Others, have enabled different key combinations to control spatial navigation, such as pressing the Shift key together with arrow keys.

This ability to move around the page directionally is called spatial navigation.

An experimental Polyfill is available.

What are we going to solve?

Supporting spatial navigation on a web page by default

Allowing authors to override the default spatial navigation behavior

Spatial navigation is intended to identify the most-likely desired element in the direction of the key press. But "most-likely desired" can depend on the situation, and author may have specific requirements that diverge from the default behavior. For sequential navigation, document order is a well defined concept, since the traversal order is deterministic and non ambiguous. With Spatial navigation, there is no such easy definition (See FAQ for why).

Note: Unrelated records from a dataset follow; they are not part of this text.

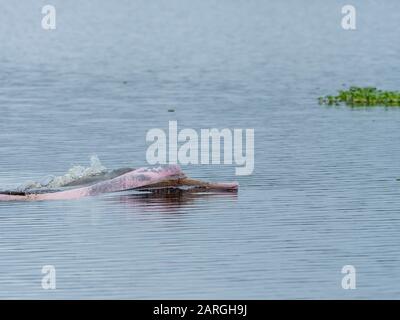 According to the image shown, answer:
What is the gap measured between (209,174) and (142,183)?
180 cm

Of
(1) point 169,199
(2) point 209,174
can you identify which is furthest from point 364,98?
(1) point 169,199

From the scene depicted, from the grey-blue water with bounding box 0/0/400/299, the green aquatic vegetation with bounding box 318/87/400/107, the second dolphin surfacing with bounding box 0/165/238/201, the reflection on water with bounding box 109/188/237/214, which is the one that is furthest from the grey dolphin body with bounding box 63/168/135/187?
the green aquatic vegetation with bounding box 318/87/400/107

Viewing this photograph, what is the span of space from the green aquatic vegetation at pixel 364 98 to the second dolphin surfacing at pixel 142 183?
12105mm

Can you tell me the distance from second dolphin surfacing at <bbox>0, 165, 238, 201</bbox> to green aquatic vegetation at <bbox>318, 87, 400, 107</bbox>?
39.7ft

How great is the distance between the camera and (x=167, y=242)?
19.2 meters

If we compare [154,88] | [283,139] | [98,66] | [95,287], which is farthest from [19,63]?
[95,287]

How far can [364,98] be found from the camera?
113ft

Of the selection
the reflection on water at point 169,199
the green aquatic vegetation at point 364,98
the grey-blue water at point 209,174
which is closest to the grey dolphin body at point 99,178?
the reflection on water at point 169,199

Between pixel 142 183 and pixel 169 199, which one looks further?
pixel 142 183

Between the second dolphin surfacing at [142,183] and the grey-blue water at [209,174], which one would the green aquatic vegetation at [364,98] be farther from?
the second dolphin surfacing at [142,183]

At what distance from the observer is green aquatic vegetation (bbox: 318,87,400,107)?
3409cm

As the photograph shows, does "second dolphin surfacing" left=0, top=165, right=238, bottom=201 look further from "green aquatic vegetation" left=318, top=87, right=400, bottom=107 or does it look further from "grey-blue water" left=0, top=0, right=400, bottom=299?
"green aquatic vegetation" left=318, top=87, right=400, bottom=107

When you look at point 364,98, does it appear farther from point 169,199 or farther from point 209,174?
point 169,199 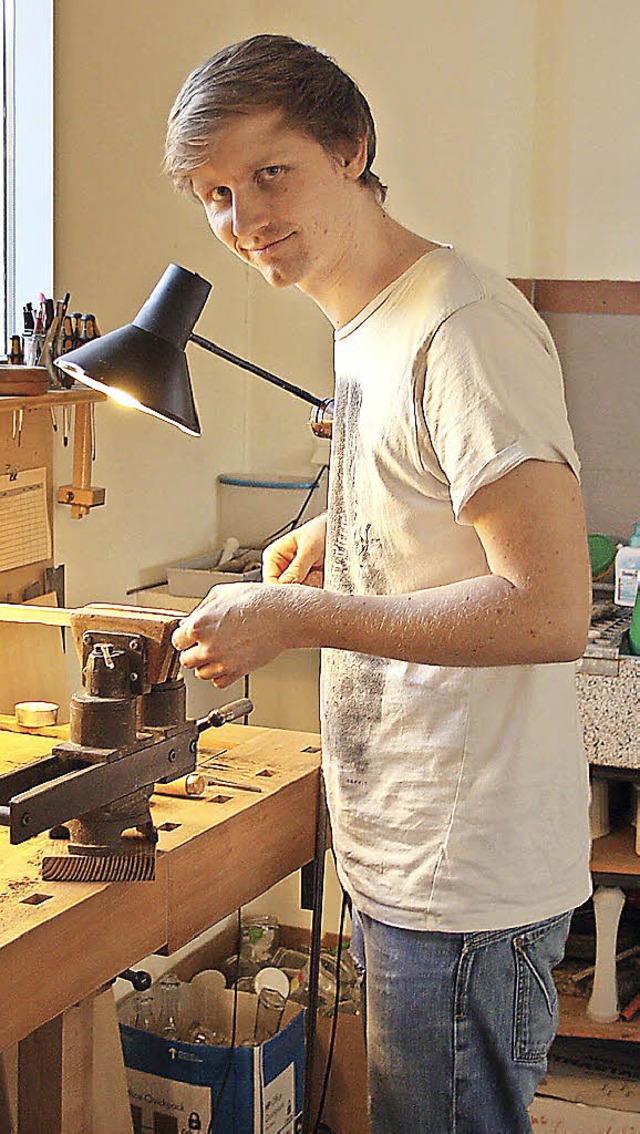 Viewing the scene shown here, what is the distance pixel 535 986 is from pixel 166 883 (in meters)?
0.46

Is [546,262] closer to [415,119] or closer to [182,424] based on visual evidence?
[415,119]

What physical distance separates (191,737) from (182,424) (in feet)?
1.26

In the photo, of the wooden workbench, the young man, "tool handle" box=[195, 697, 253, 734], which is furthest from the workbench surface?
the young man

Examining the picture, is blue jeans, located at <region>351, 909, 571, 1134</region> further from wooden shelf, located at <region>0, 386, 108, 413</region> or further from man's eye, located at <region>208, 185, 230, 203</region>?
wooden shelf, located at <region>0, 386, 108, 413</region>

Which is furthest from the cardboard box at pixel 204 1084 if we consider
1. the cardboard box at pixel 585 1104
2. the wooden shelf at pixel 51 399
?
the wooden shelf at pixel 51 399

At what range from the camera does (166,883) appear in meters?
1.64

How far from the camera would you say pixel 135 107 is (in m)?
2.69

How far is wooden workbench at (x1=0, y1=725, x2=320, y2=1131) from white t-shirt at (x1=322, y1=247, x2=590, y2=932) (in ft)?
0.92

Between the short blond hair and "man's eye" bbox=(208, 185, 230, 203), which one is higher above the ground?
the short blond hair

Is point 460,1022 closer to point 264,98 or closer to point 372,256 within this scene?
point 372,256

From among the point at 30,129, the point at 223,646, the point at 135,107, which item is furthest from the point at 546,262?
the point at 223,646

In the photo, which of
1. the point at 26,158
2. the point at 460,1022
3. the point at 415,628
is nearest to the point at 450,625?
the point at 415,628

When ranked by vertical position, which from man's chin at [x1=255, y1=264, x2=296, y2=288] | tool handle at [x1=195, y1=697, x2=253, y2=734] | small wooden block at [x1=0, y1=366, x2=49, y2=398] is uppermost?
man's chin at [x1=255, y1=264, x2=296, y2=288]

The solution we propose has relatively simple default behavior that performs well in most cases. But since we know it cannot be right for all cases, we also introduce overriding APIs to let authors tune and tweak the default spatial navigation behavior to best match their page.

Motivating Use cases

Moving focus to the desired element quickly

How are we going to look through all elements quickly on a web page? There are use cases such as:

Moving focus just as authors intended

How do we ensure the correct element is focused? There are some use cases which need interrupting the default spatial navigation and custom handling if necessary.

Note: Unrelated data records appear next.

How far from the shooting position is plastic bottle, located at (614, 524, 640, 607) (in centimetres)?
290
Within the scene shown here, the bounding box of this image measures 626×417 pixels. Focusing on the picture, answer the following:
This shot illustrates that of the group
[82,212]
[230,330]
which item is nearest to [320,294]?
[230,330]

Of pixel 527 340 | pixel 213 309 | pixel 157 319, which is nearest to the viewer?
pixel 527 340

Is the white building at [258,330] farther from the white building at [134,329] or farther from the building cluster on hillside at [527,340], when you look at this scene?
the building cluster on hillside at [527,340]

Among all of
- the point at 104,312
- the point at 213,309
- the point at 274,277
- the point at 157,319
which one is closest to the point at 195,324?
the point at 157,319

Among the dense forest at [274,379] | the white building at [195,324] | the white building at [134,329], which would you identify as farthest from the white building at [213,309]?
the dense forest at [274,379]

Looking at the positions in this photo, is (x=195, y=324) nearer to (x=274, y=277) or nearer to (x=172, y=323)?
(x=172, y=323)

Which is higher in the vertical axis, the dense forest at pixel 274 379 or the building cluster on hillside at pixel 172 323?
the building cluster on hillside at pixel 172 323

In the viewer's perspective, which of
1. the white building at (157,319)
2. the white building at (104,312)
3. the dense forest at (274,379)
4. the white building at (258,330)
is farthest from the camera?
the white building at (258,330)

How are we going to solve?

The specification of spatial navigation introduces the processing model for spatial navigation which explains the default spatial navigation behavior. Also, it proposes Javascript APIs, Javascript Events, and a CSS property to extend how spatial navigation work.

Activating Spatial Navigation

The spec supposes that User Agents decide to activate spatial navigation. On devices which do not have any pointing input device, and especially on devices such as TVs which also lack a Tab key to control sequential focus navigation, User Agents should make spatial navigation active.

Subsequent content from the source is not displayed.